• **WORK REQUIRED**: Every entry should be reproduced precisely, with each picture left out.

Brief descriptive captions
------------------------------------------------------------------------

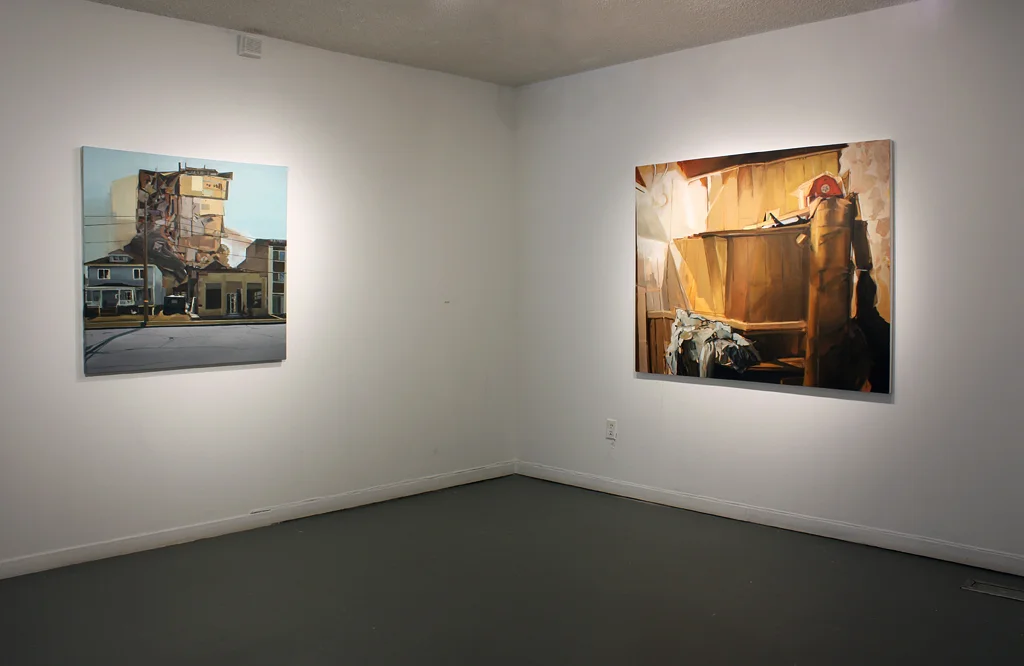 Installation View, Harcourt House
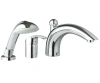 Змішувач для ванни GROHE EUROSMART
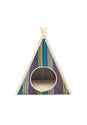 

P.L.A.Y. Horizon Pet Teepee Cat & Dog Tent Bed - Lake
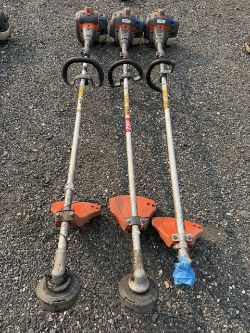 Lot of 3 Husqvarna 525LS Weed Wackers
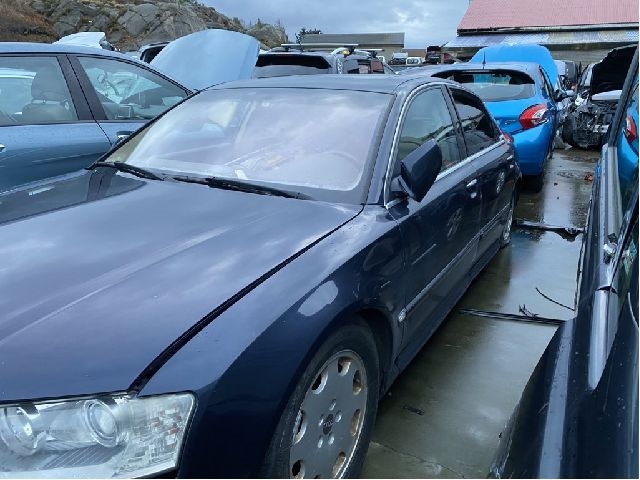 Audi A8 2003-2010 (Type II) , Motorkode: ASB, Girkassekode: GZV
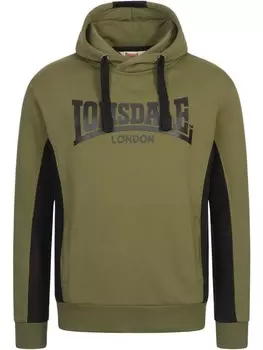 Толстовка Lonsdale Hoodie, зеленый
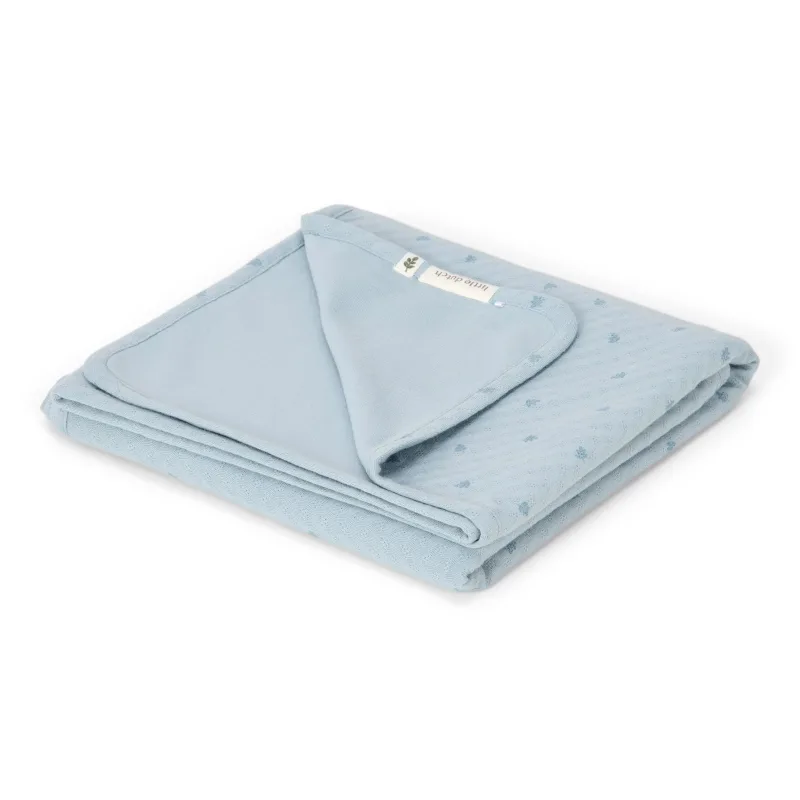 Little Dutch Deka 70x100 cm Pure Denim Blue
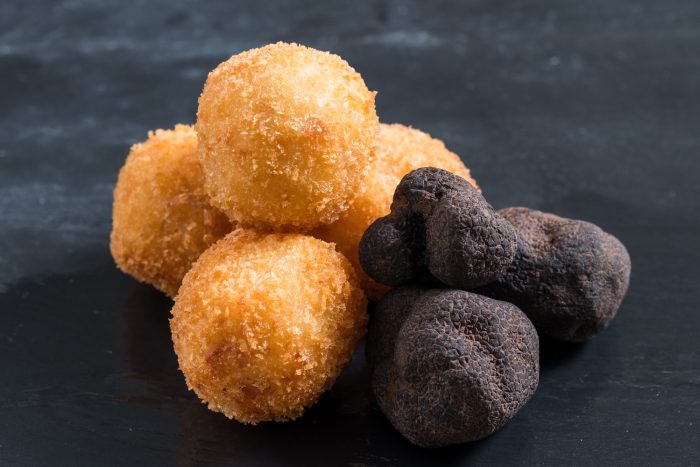 Croquetas de Trufa Negra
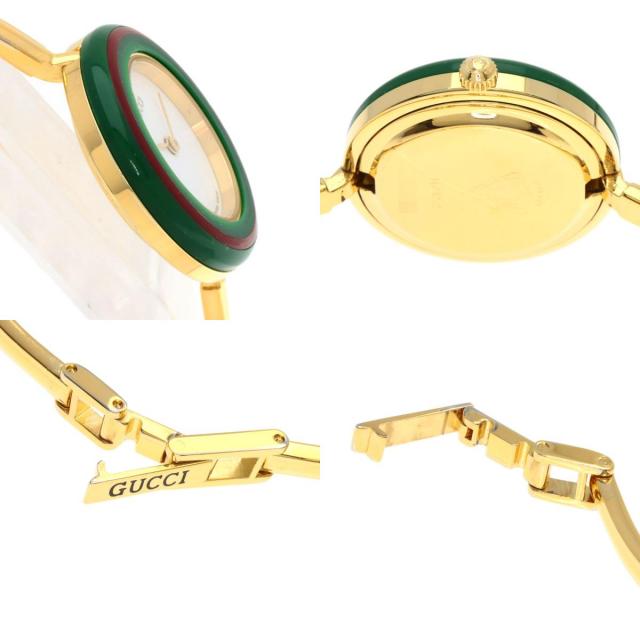 GUCCI グッチ 11/12.2 チェンジベゼル 替ベゼル付き 腕時計 GP/GP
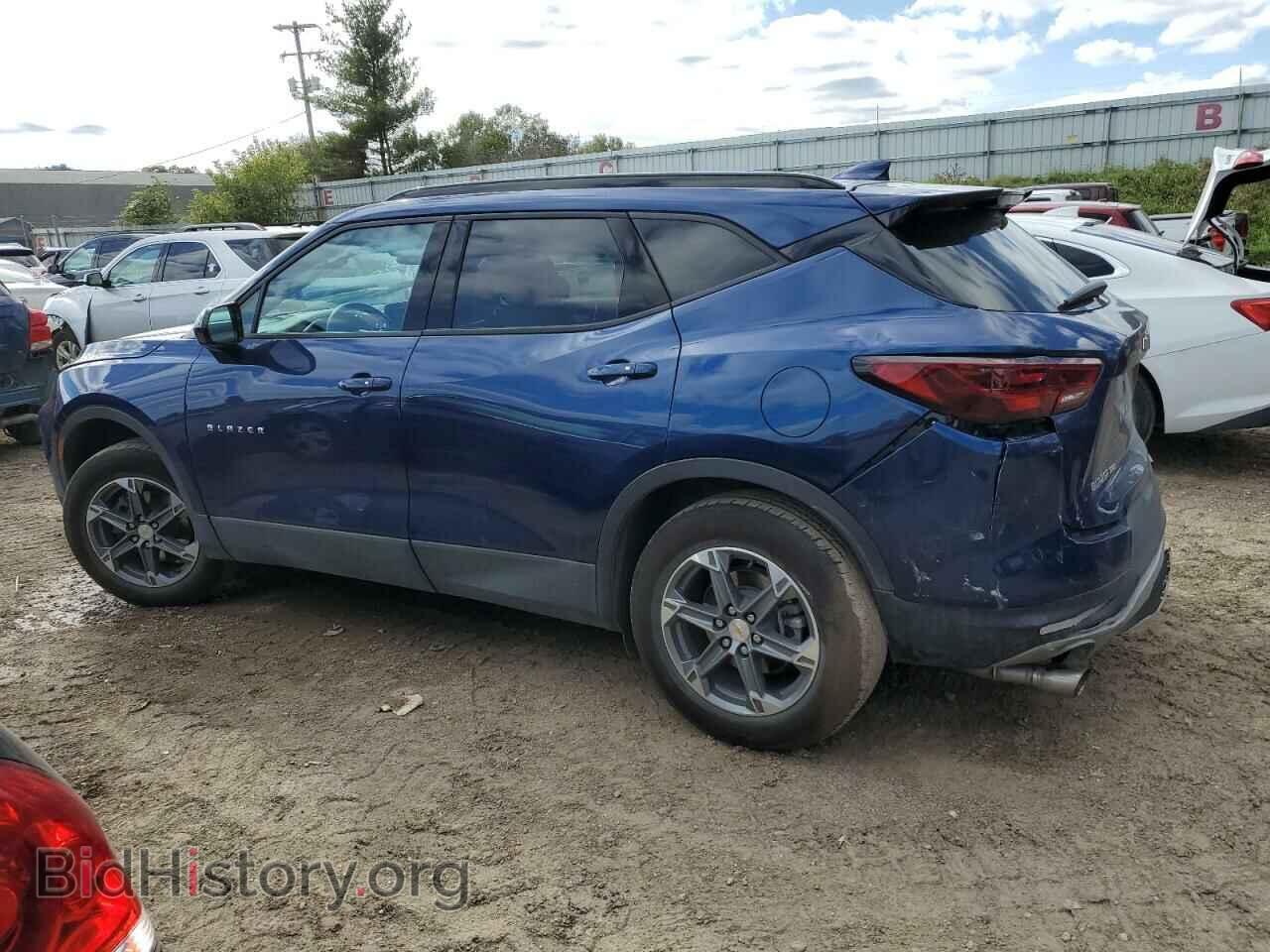 2023 CHEVROLET BLAZER - VIN: 3GNKBHR4XPS140915 - Фото 2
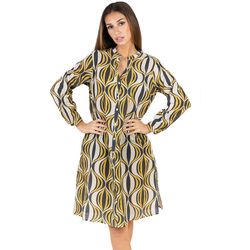 Oblačila Ženske Obleke Isla Bonita By Sigris Kurta Rumena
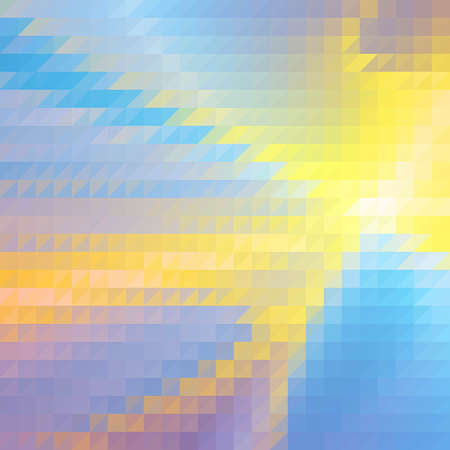 triangular color background. polygonal style.のイラスト素材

------------------------------------------------------------------------

• **ANSWER SPACE**:
 Installation View, Harcourt House
 Змішувач для ванни GROHE EUROSMART

P.L.A.Y. Horizon Pet Teepee Cat & Dog Tent Bed - Lake
 Lot of 3 Husqvarna 525LS Weed Wackers
 Audi A8 2003-2010 (Type II) , Motorkode: ASB, Girkassekode: GZV
 Толстовка Lonsdale Hoodie, зеленый
 Little Dutch Deka 70x100 cm Pure Denim Blue
 Croquetas de Trufa Negra
 GUCCI グッチ 11/12.2 チェンジベゼル 替ベゼル付き 腕時計 GP/GP
 2023 CHEVROLET BLAZER - VIN: 3GNKBHR4XPS140915 - Фото 2
 Oblačila Ženske Obleke Isla Bonita By Sigris Kurta Rumena
 triangular color background. polygonal style.のイラスト素材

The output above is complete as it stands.